= WHAT YOU ARE ASKED TO DO =
Print the line containing "Atelier Saint-Céré Lot" and each line after it through the end of the material below, exactly as it appears, but skip the pictures.

**** RECORDS PROVIDED

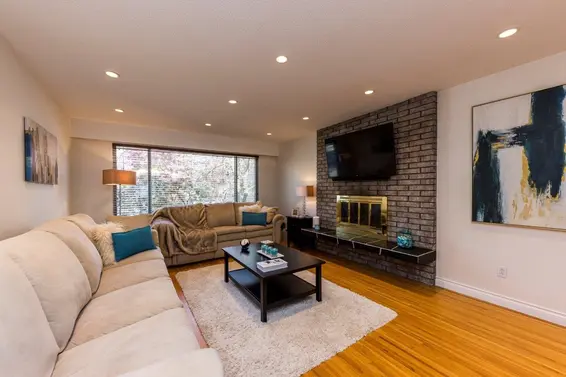 2549 Bendale Road, North Vancouver For Sale - image 3
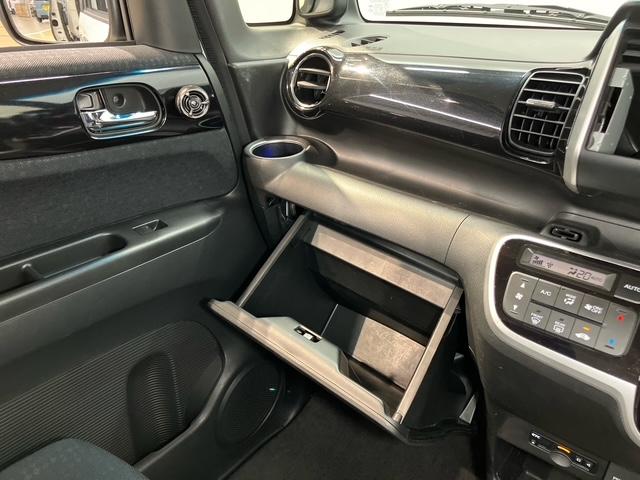 Ｎ−ＢＯＸカスタムＧ・Ｌパッケージ後方カメラ　ＥＴＣ　Ｂｌｕｅｔｏｏｔｈ接続　キーフリー　左側電動スライドドア　ＬＥＤヘッドライト　オートライト（高知県）の中古車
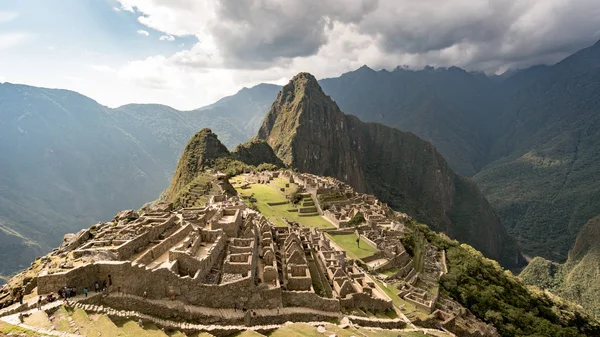 Pohled z ztracené Incké město z machu picchu poblíž cusco, peru. — Stock fotografie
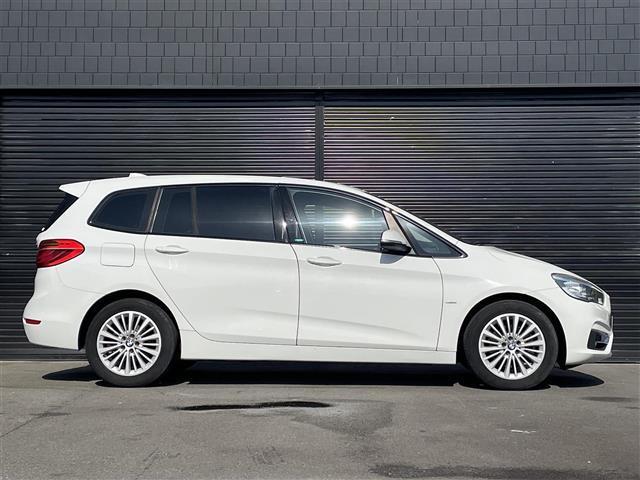 ２シリーズ ２１８ｄグランツアラー　ラグジュアリー　茶革　パワーシート　純正ナビ　シートヒーター　コンフォートアクセス　バックカメラ　コーナーセンサー　インテリジェントセーフティー　パワーバックドア　ミラー一体型ＥＴＣ　純正１７インチアルミホイール（39枚目）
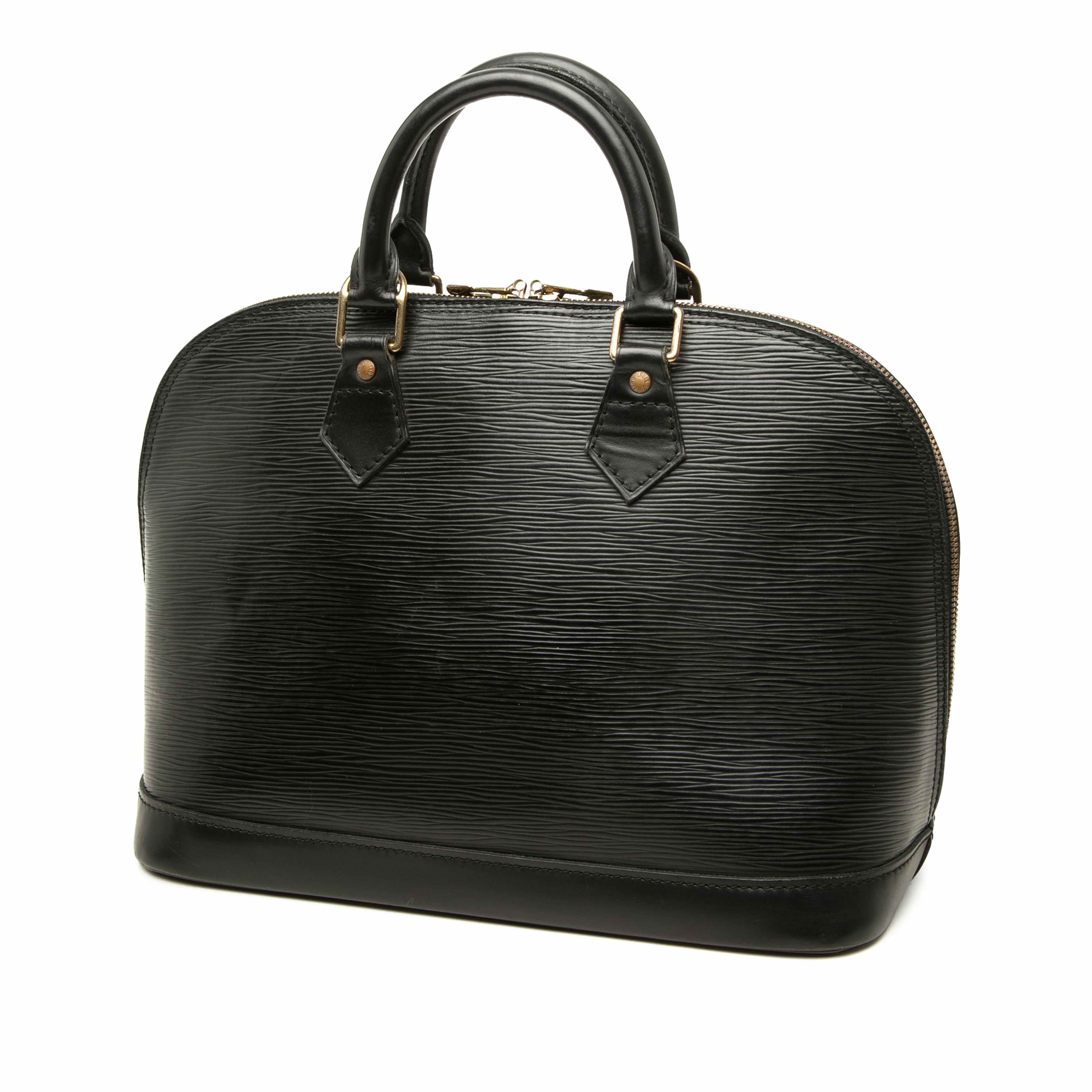 Louis Vuitton Epi Alma Pm, från Luxclusif, i färgen svart. Klicka för att öppna bilden i stort format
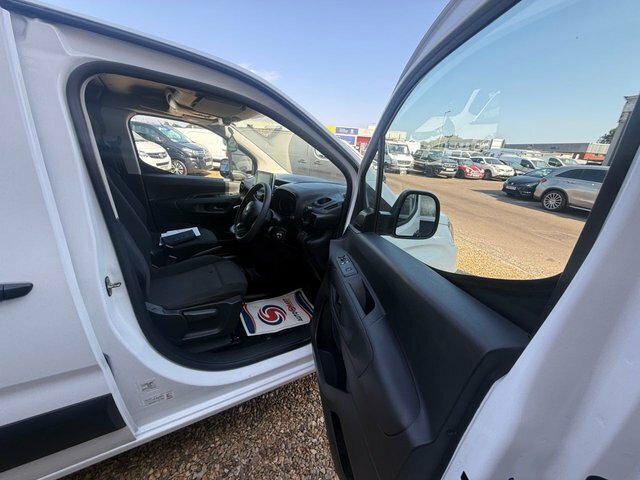 Toyota Proace City Bluehdi Active Short Panel White #3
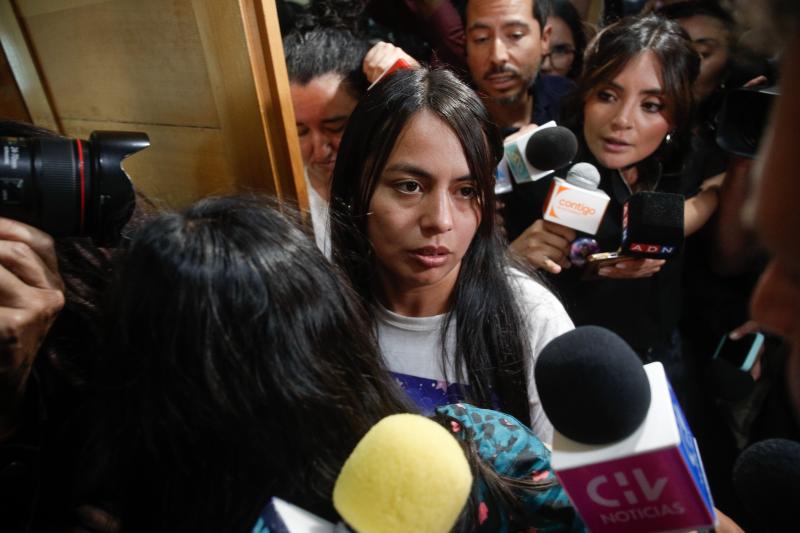 Hermana de Krishna Aguilera - Aton.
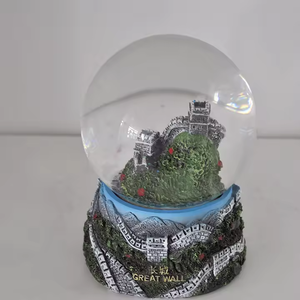 Souvenir creativo in resina grande <span class=keywords><strong>parete</strong></span> di neve globo personalizzato Glitter per il globo di neve per la decorazione della casa - Product Image 6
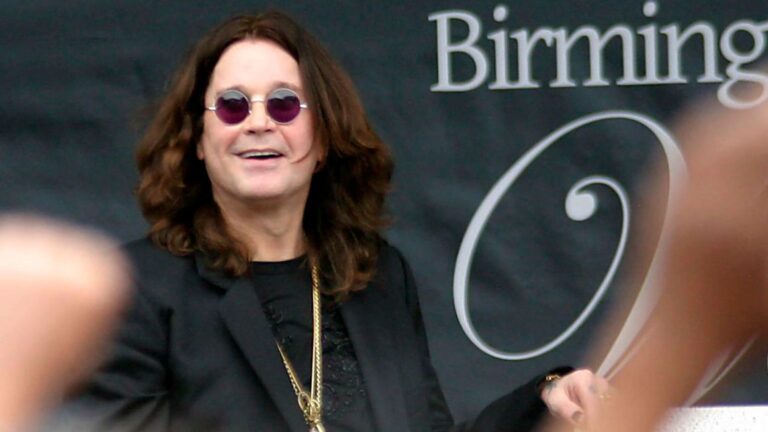 Ozzy Osbourne será homenajeado con procesión fúnebre en Birmingham, su ciudad natal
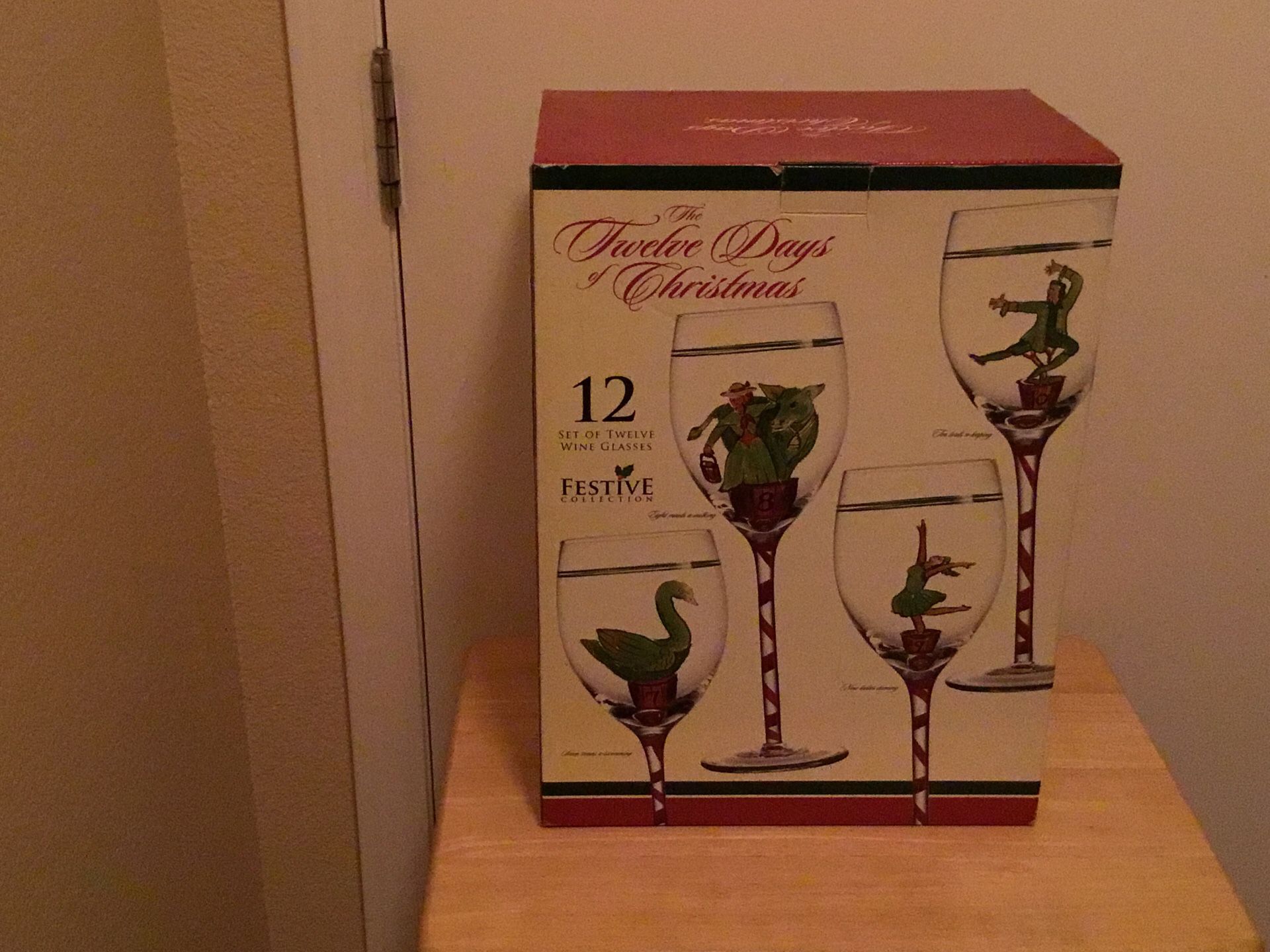 Festive Collection Wine Glasses
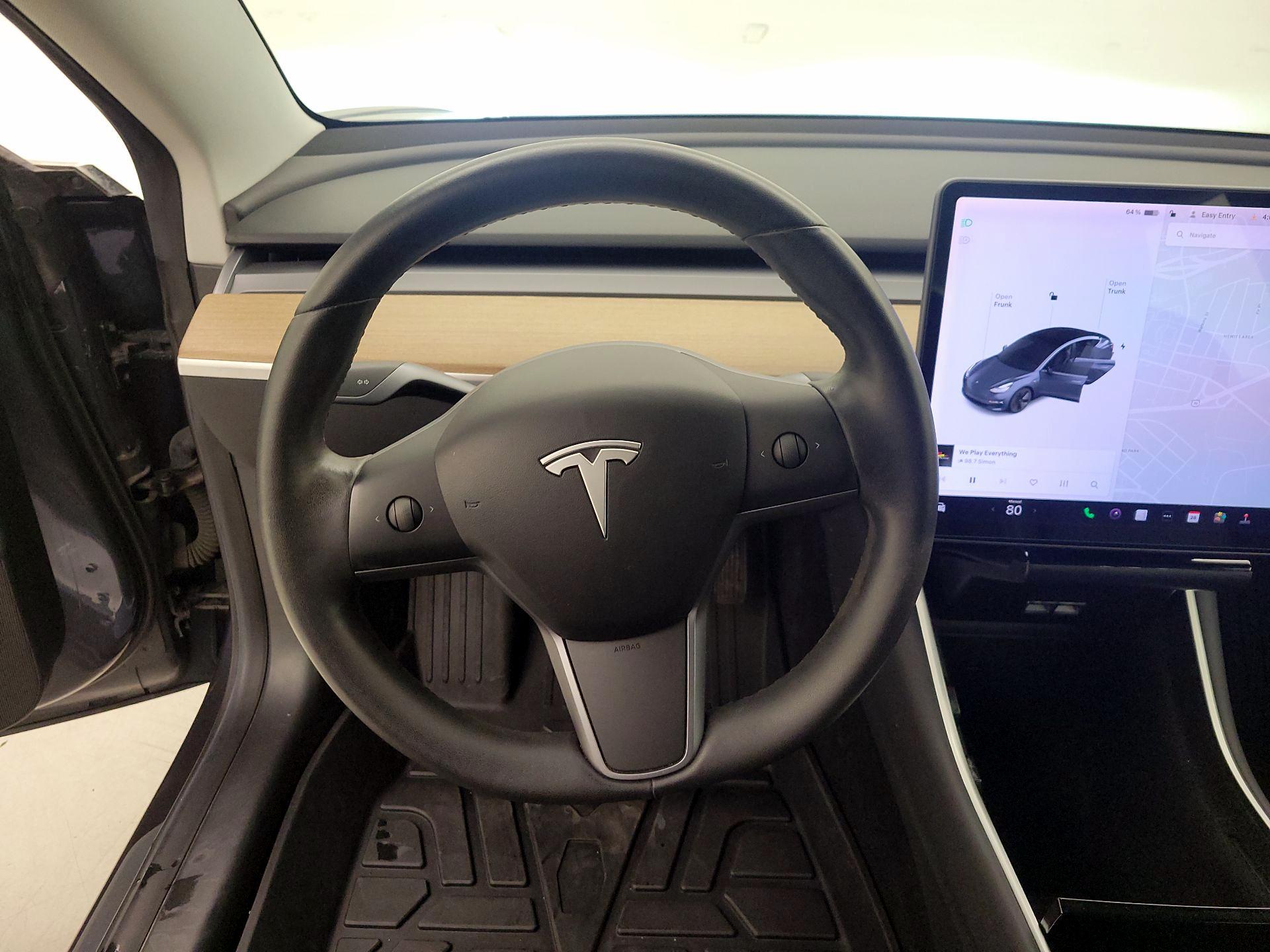 Thumbnail: 2019 Tesla Model 3 - 10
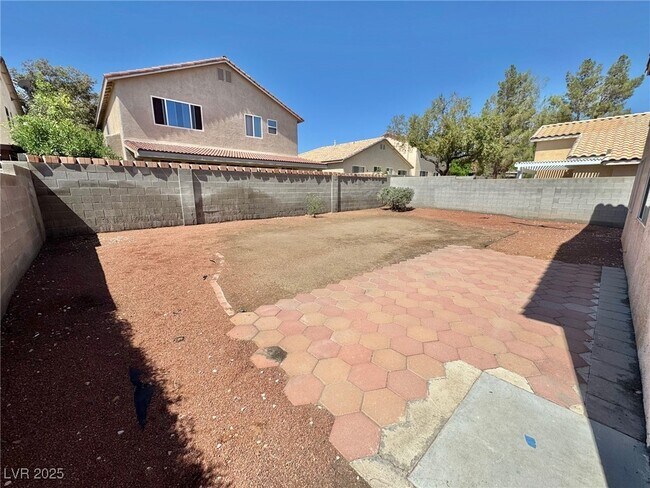 Building Photo - 9001 Haviland Rd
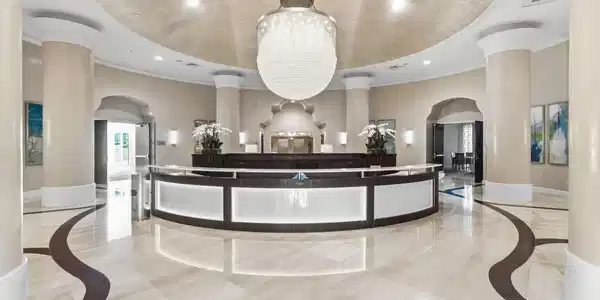 Image 3: 01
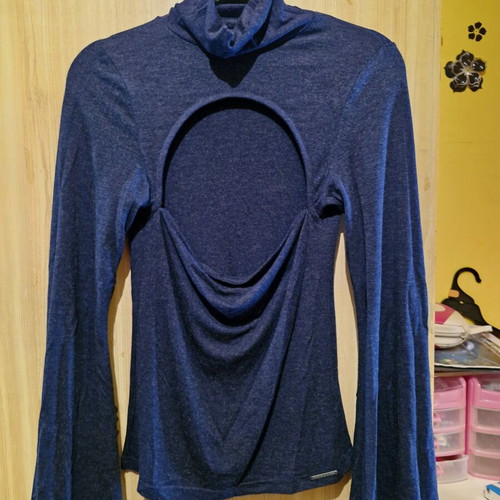 Noobass blouse long-sleeve with turtleneck and bell sleeve, like new, size M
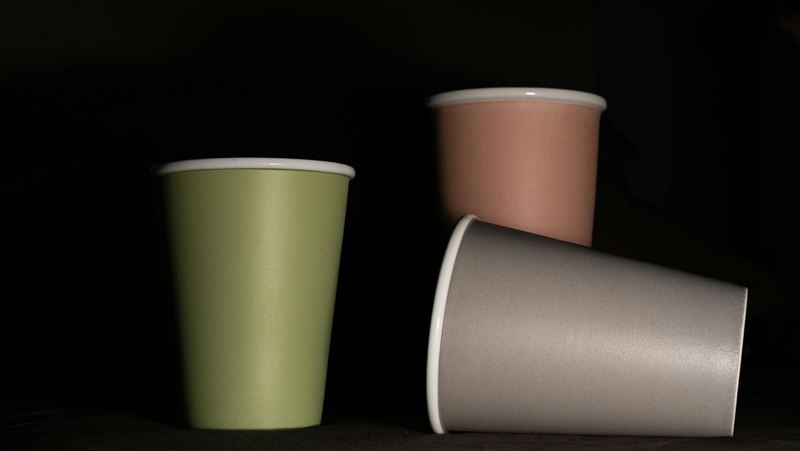 紙杯內層多覆有一層塑膠塗層，85℃熱水倒入就可能釋放約2.5萬個微米級微塑膠顆粒，以及超過1億個更微小的奈米塑膠粒 。（示意圖／unsplash）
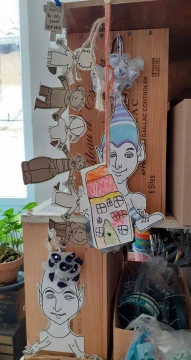 Atelier Saint-Céré Lot - <p>Pleins de bricoles sur les étagères et ailleurs, à découvrir</p>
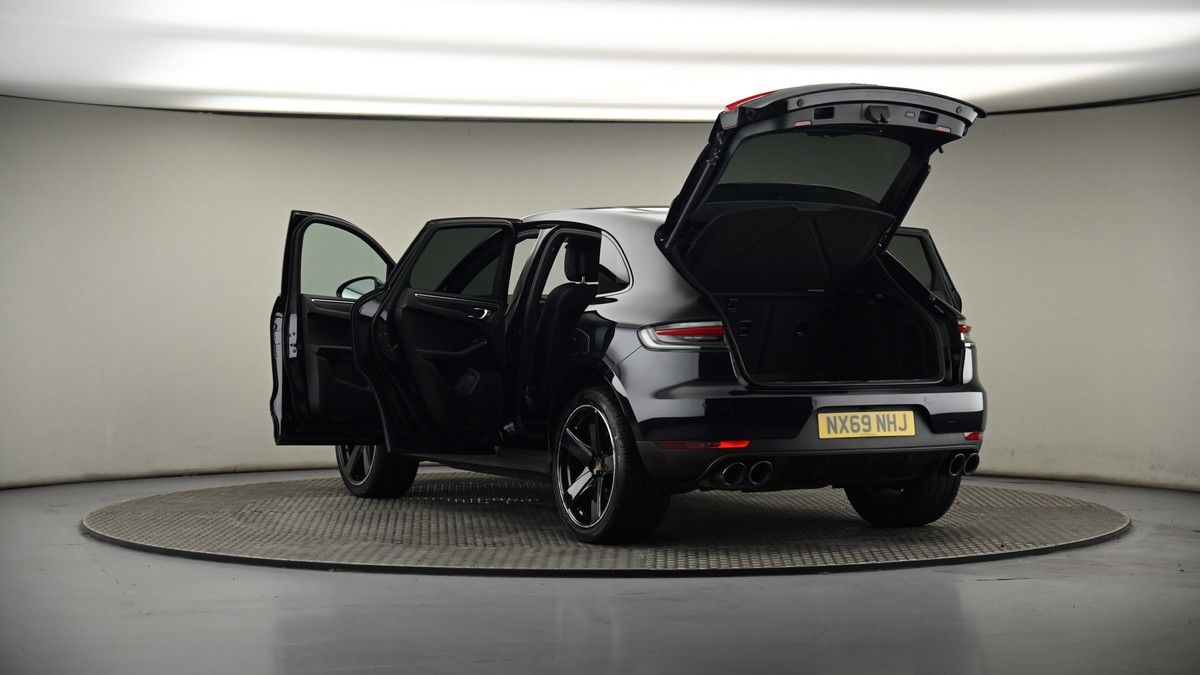Porsche Macan Image 8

********

= RESPONSE =
 Atelier Saint-Céré Lot - <p>Pleins de bricoles sur les étagères et ailleurs, à découvrir</p>
Porsche Macan Image 8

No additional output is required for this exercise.